Distances between countries have virtually become almost non-existent, and cultural differences between peoples are slowly being levelled out. It is not my intention to pass judgement on this phenomenon. After all, we all cherry-pick what best suits us from both the eastern and the western worlds (and from the northern and southern hemispheres).
But the mixing of peoples also makes us conscious of our tendency to run into issues of group identity which tend to become more acute, and sometimes even neuralgic. When confronted by different peoples or changing cultural values we might adopt two kinds of reactions. The first is that we gang up among ourselves and pit ourselves against “the other”. The other is perceived as a threat. At worst, the other is an invader to be defeated, and at best someone to be tolerated.
A second kind of reaction, when confronted with “the other” is that we become more aware of the differences between ourselves and the other. As a result we might amplify whatever characterises us as a group, blowing them out of proportion to distinguish ourselves even more from “the other”.
These reactions are not only triggered when migrants end up on our shores. They can also be generated when one family is welcomed into another or when a new colleague joins an established team on the workplace.

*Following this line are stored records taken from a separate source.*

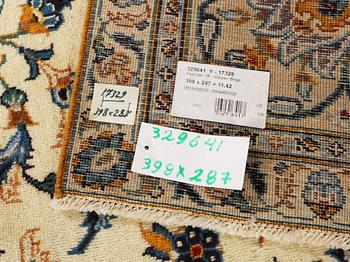 Matta, Keshan, ca. 398 x 287 cm.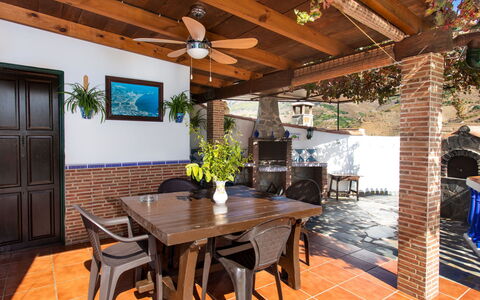 La Cordobilla: Table, Meubles, Propriété, Chaise, Bois, Design Intérieur, Plante, Sol, Plante D'Appartement, Ombre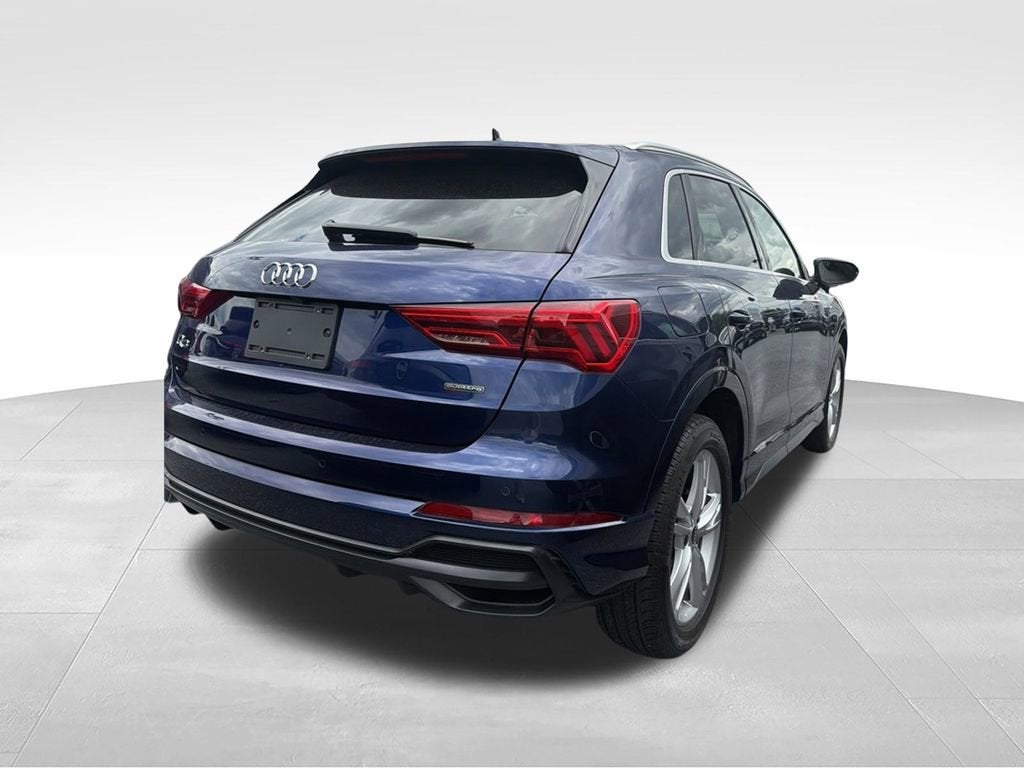 2022 Audi Q3 Premium 45 TFSI S line quattro Tiptronic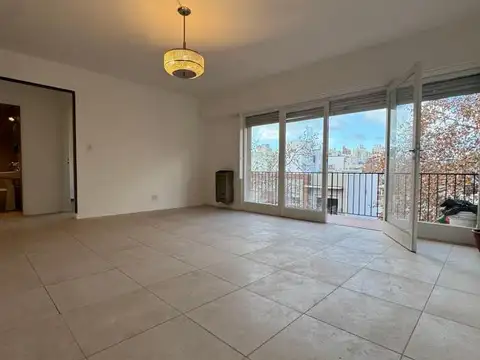 DEPARTAMENTO DE 3 AMB EXTERNO.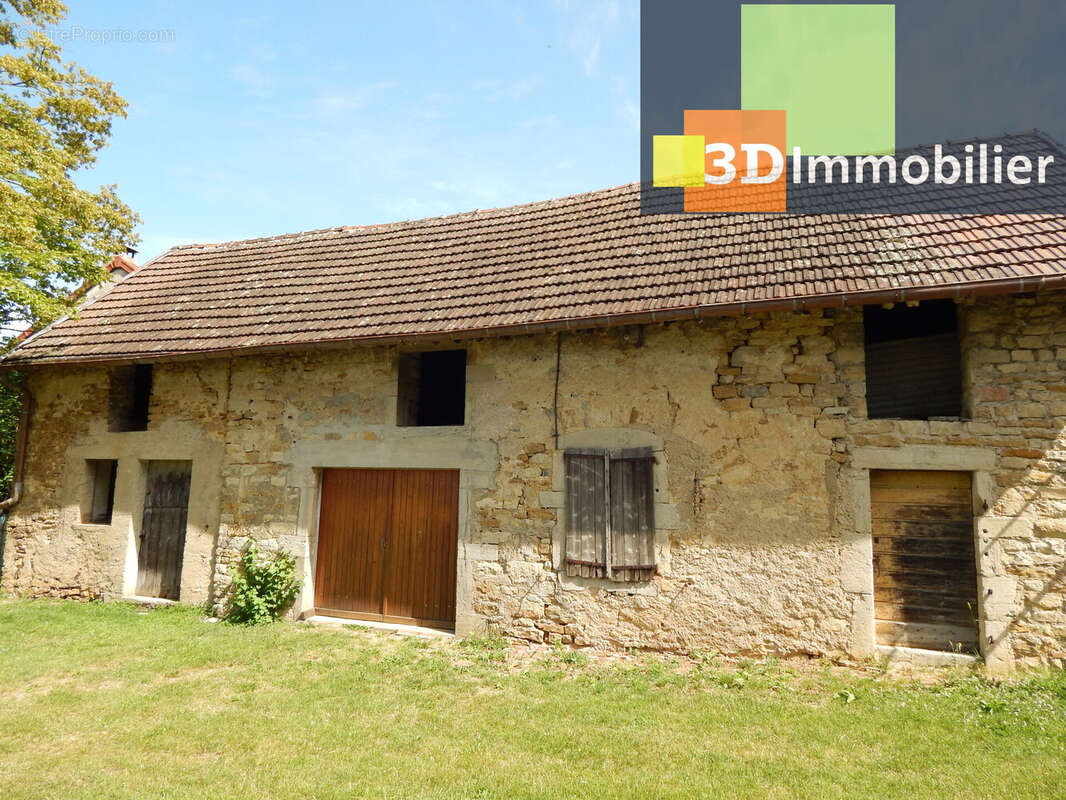 Maison à LONS-LE-SAUNIER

One of the main points made by sociologist Rodney Stark in his book The Rise of Christianity. Stark attempts an explanation for the impressive spread of the nascent Christian Church in the first centuries. How could this religion have thrived in such a brief period of time and in such a politically hostile environment as were the lands surrounding the Mediterranean Basin at the time? What might have been the underlying reasons for this new religion, led by poor and uneducated disciples, to flourish the way it did?
Stark proposes that the Christian ethic embraced by Christ’s disciples must be responsible for the success of the Christian religion, at least in the first three centuries. Stark considers that God’s mercy required humans to be merciful in turn. The corollary, he insists, is “that because God loves humanity, Christians may not please God unless they love one another”. This was something entirely new.
In today’s gospel, which is set in the Last Supper just after Jesus washes the feet of his disciples and after announcing his being betrayed by one of his closest friends, he gives them a new commandment to love one another. Their love for one another, Jesus tells them, will be the only proof of their identity.
Sometimes we might want to prove our identity as Christians, or as Maltese, through external religious symbols. It’s not that these have no value, for they are the product of a rich heritage and they ought to be looked after. But Jesus shows us another way that passes them all. The most convincing way to prove our identity is to love one another.
In his visit to Malta, Pope Francis made direct and indirect references to the identity of the Maltese, including its Catholic heritage and values. He did so not with an exclusionary tone but always returning to an identity of service to the other.
Our identity as Christians is meant to raise eyebrows. It ought to be countercultural
Our identity as Christians is meant to raise eyebrows. It ought to be countercultural. We do so by putting into practice Christ’s new commandment of love on the pattern that he himself has given us.